■ **Records supplied**:
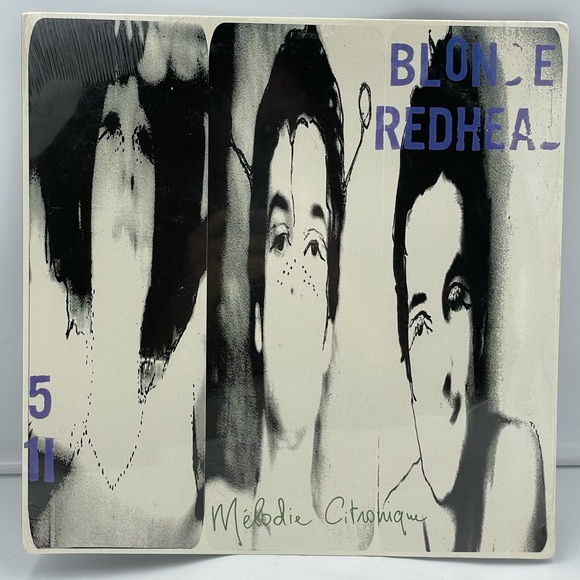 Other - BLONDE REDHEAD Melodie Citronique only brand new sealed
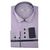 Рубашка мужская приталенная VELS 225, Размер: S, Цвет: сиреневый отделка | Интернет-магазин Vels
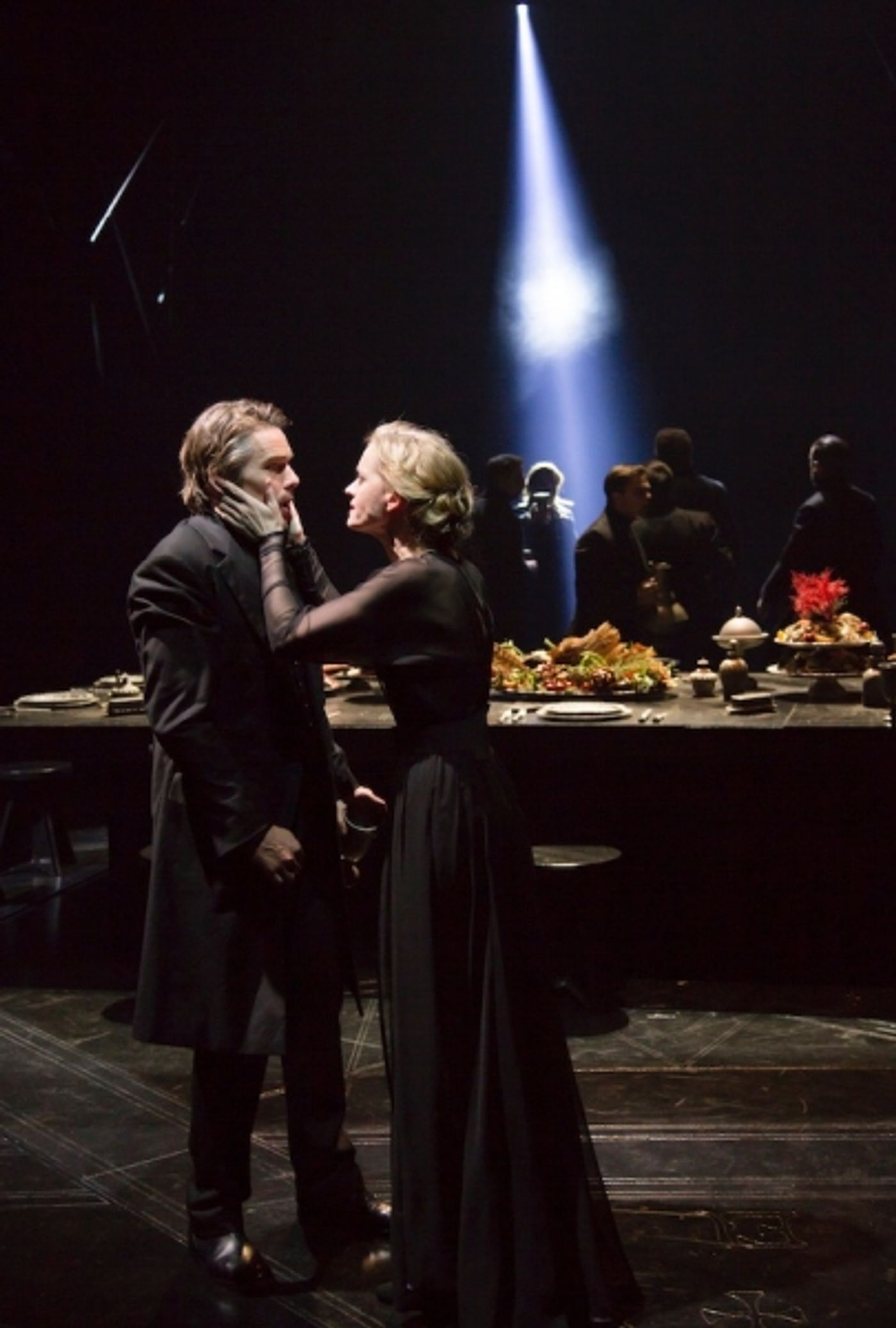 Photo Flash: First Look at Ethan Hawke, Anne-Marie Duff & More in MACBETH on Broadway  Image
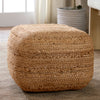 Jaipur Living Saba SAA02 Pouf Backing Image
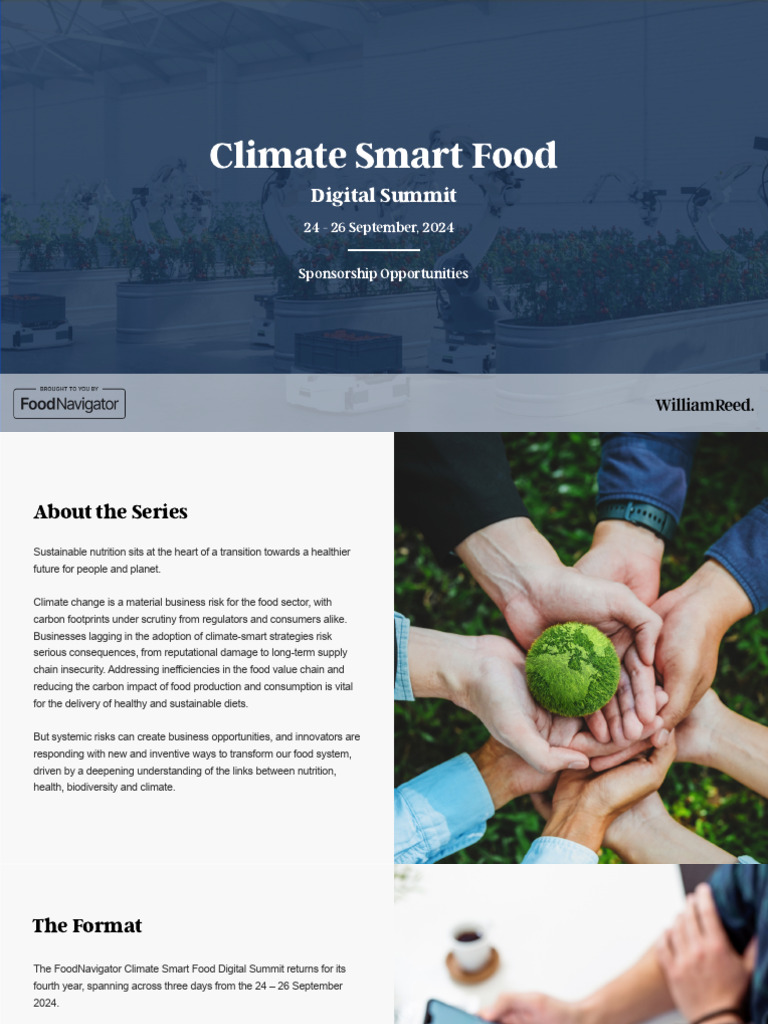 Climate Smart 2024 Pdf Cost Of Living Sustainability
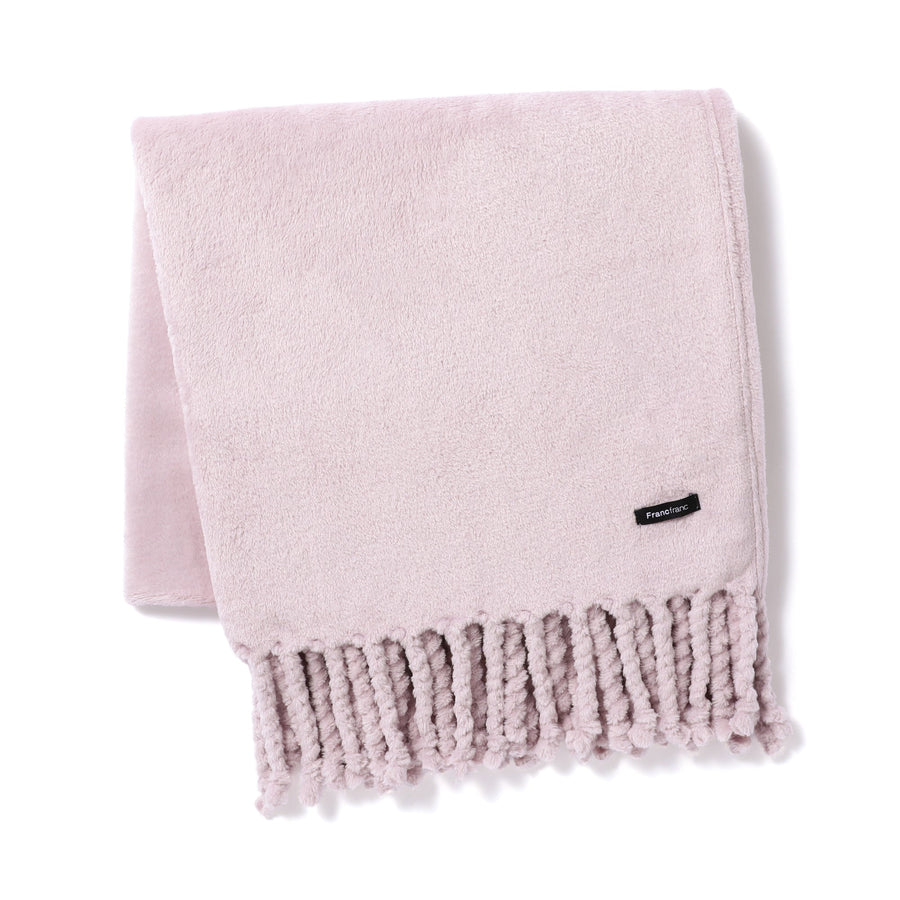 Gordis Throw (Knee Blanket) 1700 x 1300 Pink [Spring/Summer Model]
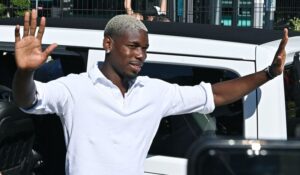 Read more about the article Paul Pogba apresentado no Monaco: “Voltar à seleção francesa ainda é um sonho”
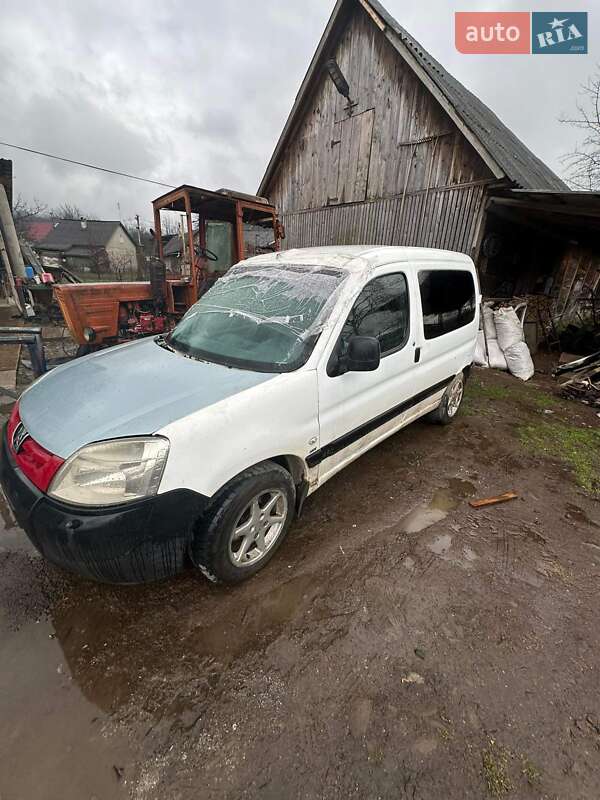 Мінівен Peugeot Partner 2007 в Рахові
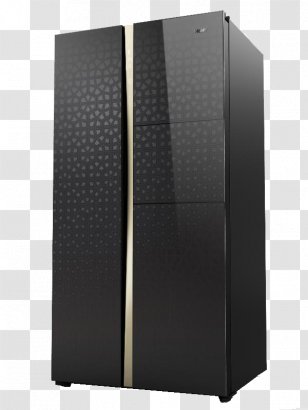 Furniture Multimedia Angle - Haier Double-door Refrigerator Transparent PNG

■ **Task item**: Please write out every line of the listing above exactly, and leave the images behind.

■ **Result**:
 Other - BLONDE REDHEAD Melodie Citronique only brand new sealed
 Рубашка мужская приталенная VELS 225, Размер: S, Цвет: сиреневый отделка | Интернет-магазин Vels
 Photo Flash: First Look at Ethan Hawke, Anne-Marie Duff & More in MACBETH on Broadway  Image
 Jaipur Living Saba SAA02 Pouf Backing Image
 Climate Smart 2024 Pdf Cost Of Living Sustainability
 Gordis Throw (Knee Blanket) 1700 x 1300 Pink [Spring/Summer Model]
 Read more about the article Paul Pogba apresentado no Monaco: “Voltar à seleção francesa ainda é um sonho”
 Мінівен Peugeot Partner 2007 в Рахові
 Furniture Multimedia Angle - Haier Double-door Refrigerator Transparent PNG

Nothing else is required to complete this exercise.